Since the copy must hold text only, transcribe the data below exactly and omit the images.
--- Supplied material Enclosed Below ---
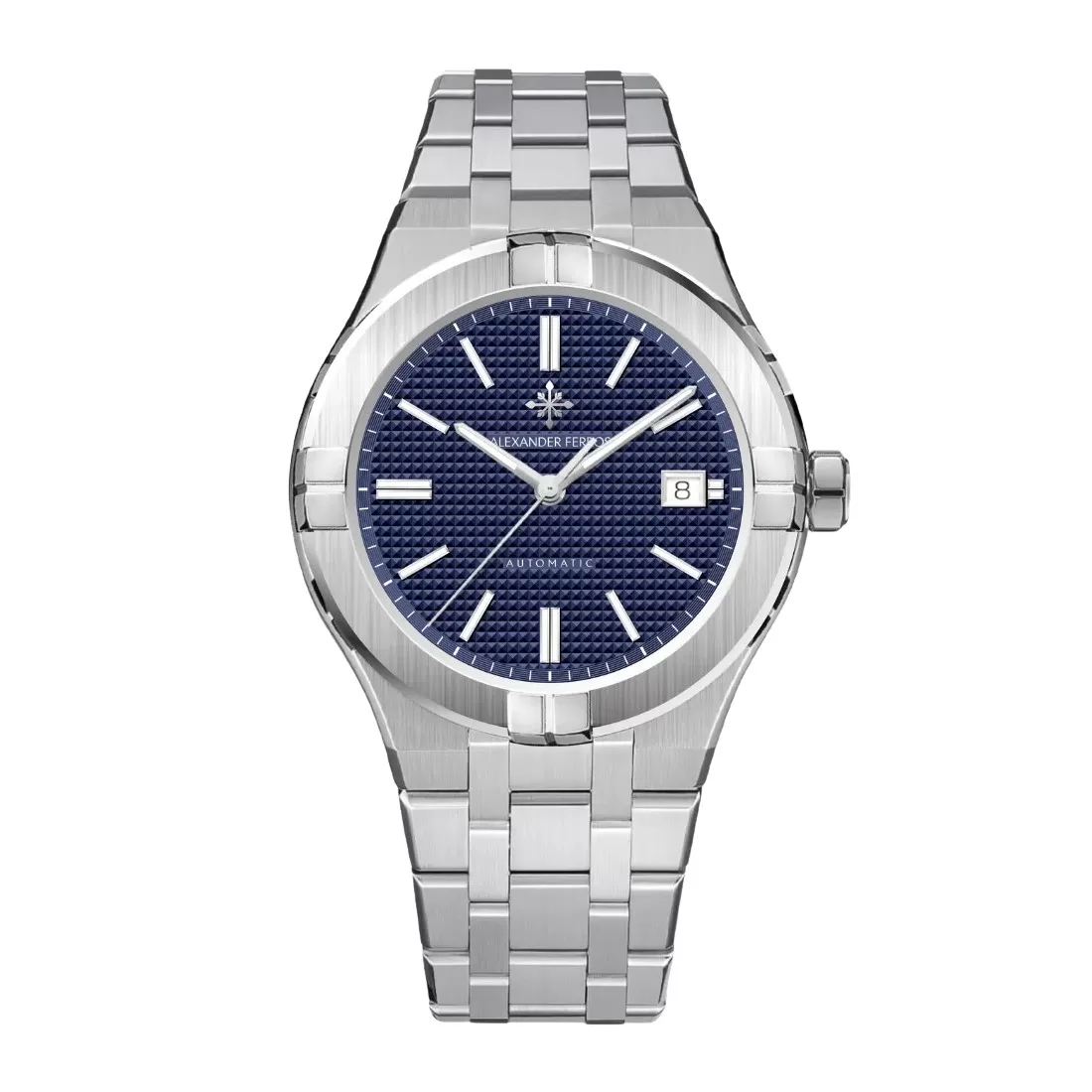 Đồng Hồ Alexander Ferros 3062S ( 3062S/05 )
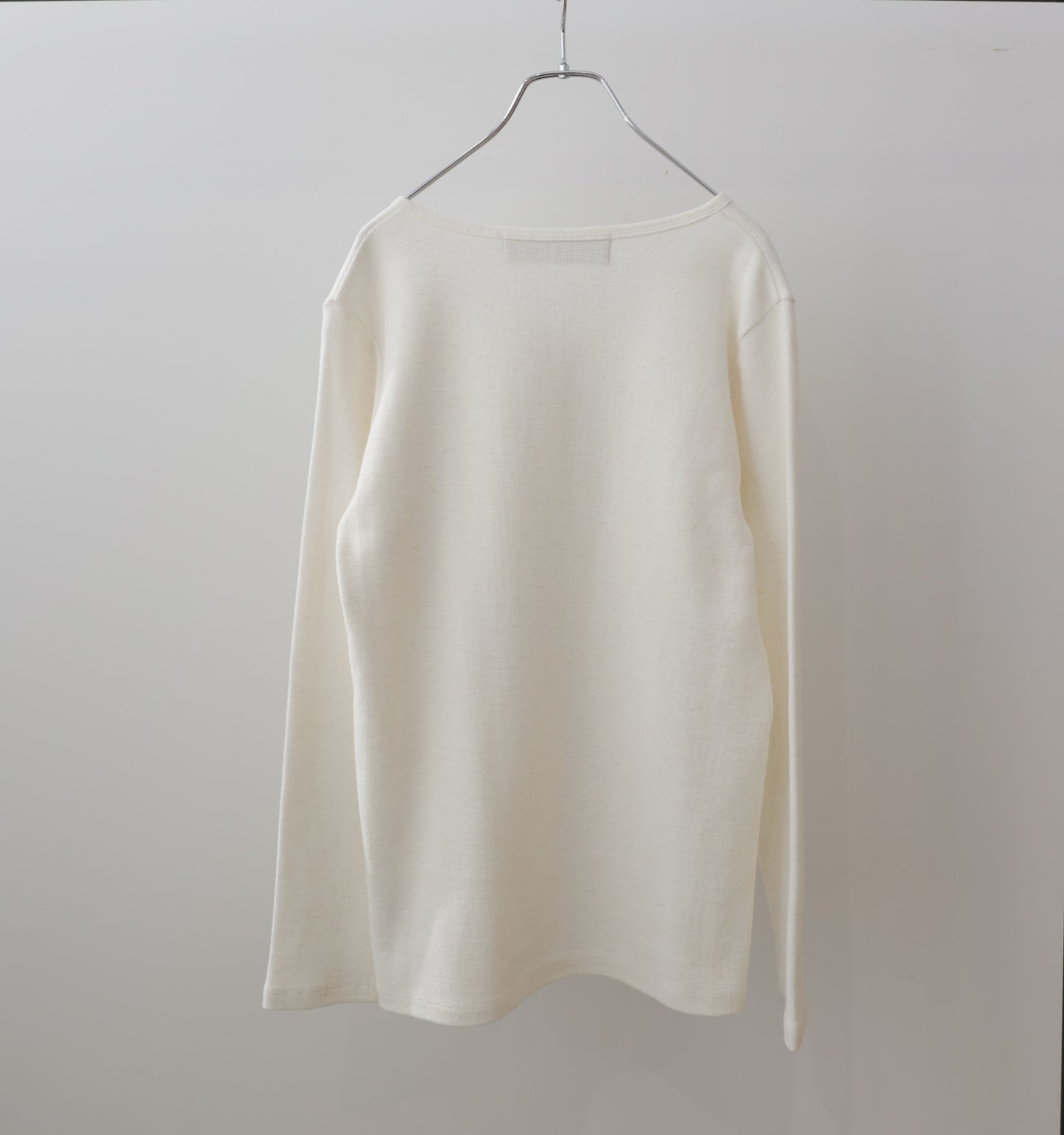henry neck pullover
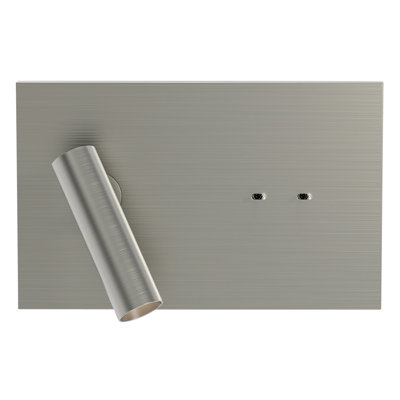 Edge 1 - Light LED Spotlight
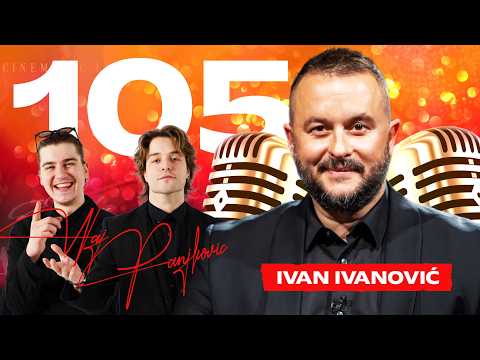 IVAN IVANOVIĆ - VOSTCAST 105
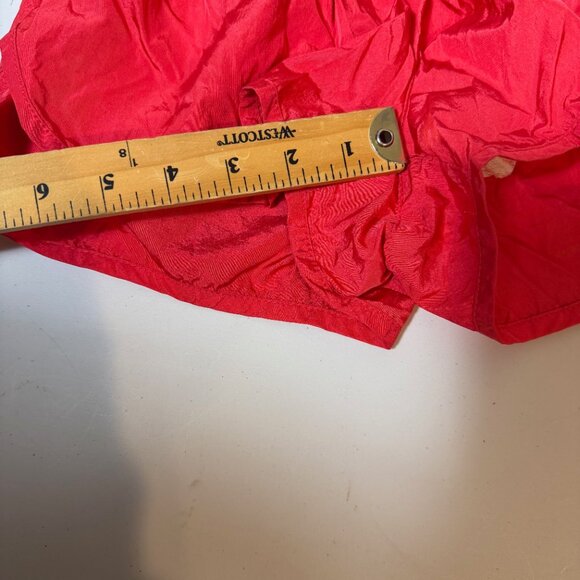 Free People Movement The Way Home Running Shorts S High Rise Smocked Activewear - Picture 6 of 6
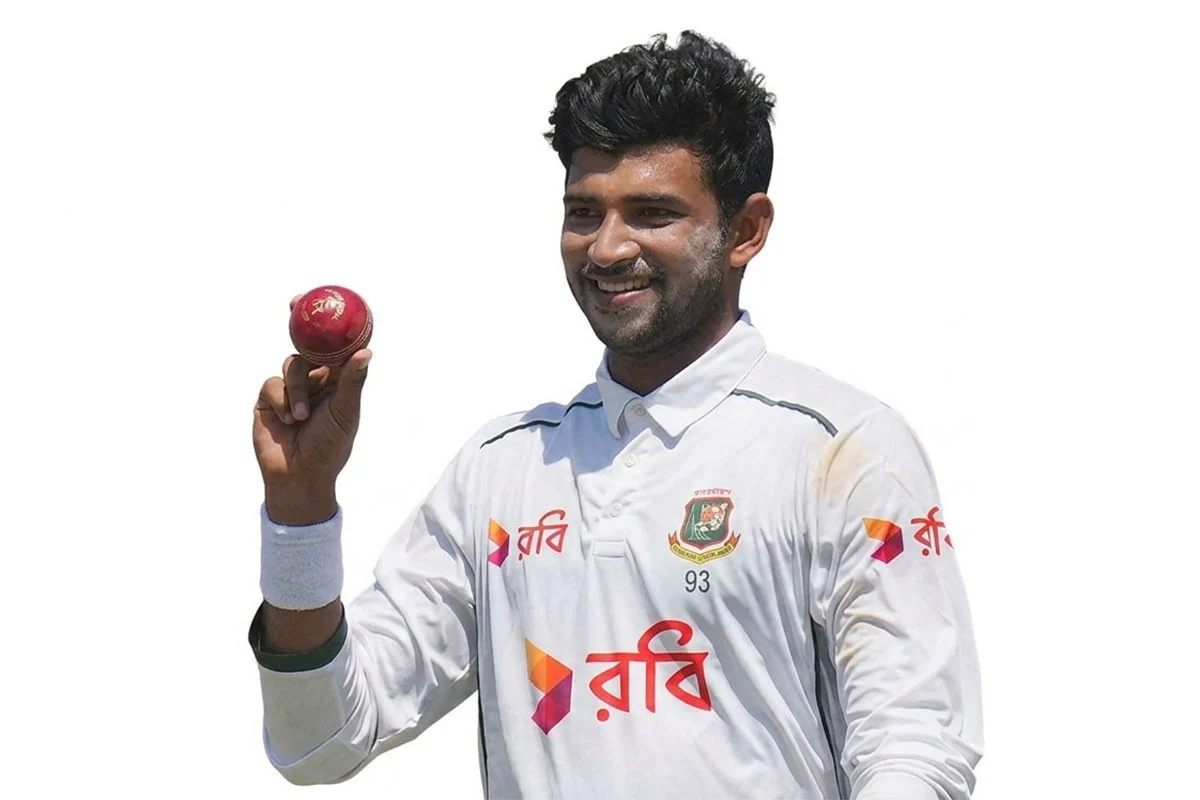 জাতীয় দলের ক্রিকেটার নাঈম হাসানকে ডিবি পরিচয়ে মারধর ও অপহরণের চেষ্টা, খুলশী থানার এসআইসহ ৩ পুলিশ প্রত্যাহার ও মামলা দায়ের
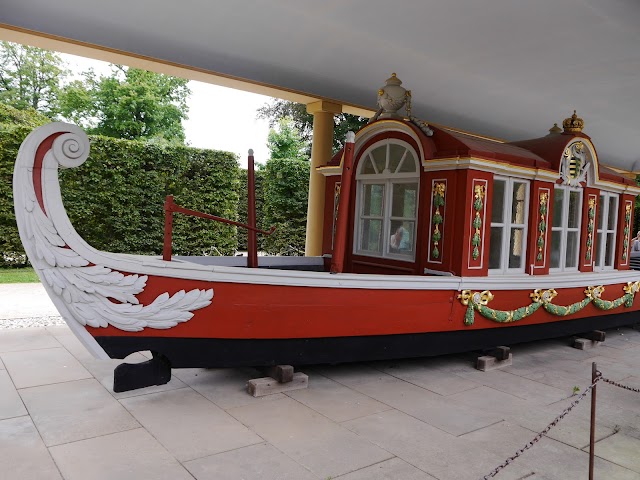 Schloss Pillnitz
--- End of Enclosed Supplied material ---
## Expected output:
 Đồng Hồ Alexander Ferros 3062S ( 3062S/05 )
henry neck pullover
 Edge 1 - Light LED Spotlight
 IVAN IVANOVIĆ - VOSTCAST 105
 Free People Movement The Way Home Running Shorts S High Rise Smocked Activewear - Picture 6 of 6
 জাতীয় দলের ক্রিকেটার নাঈম হাসানকে ডিবি পরিচয়ে মারধর ও অপহরণের চেষ্টা, খুলশী থানার এসআইসহ ৩ পুলিশ প্রত্যাহার ও মামলা দায়ের
 Schloss Pillnitz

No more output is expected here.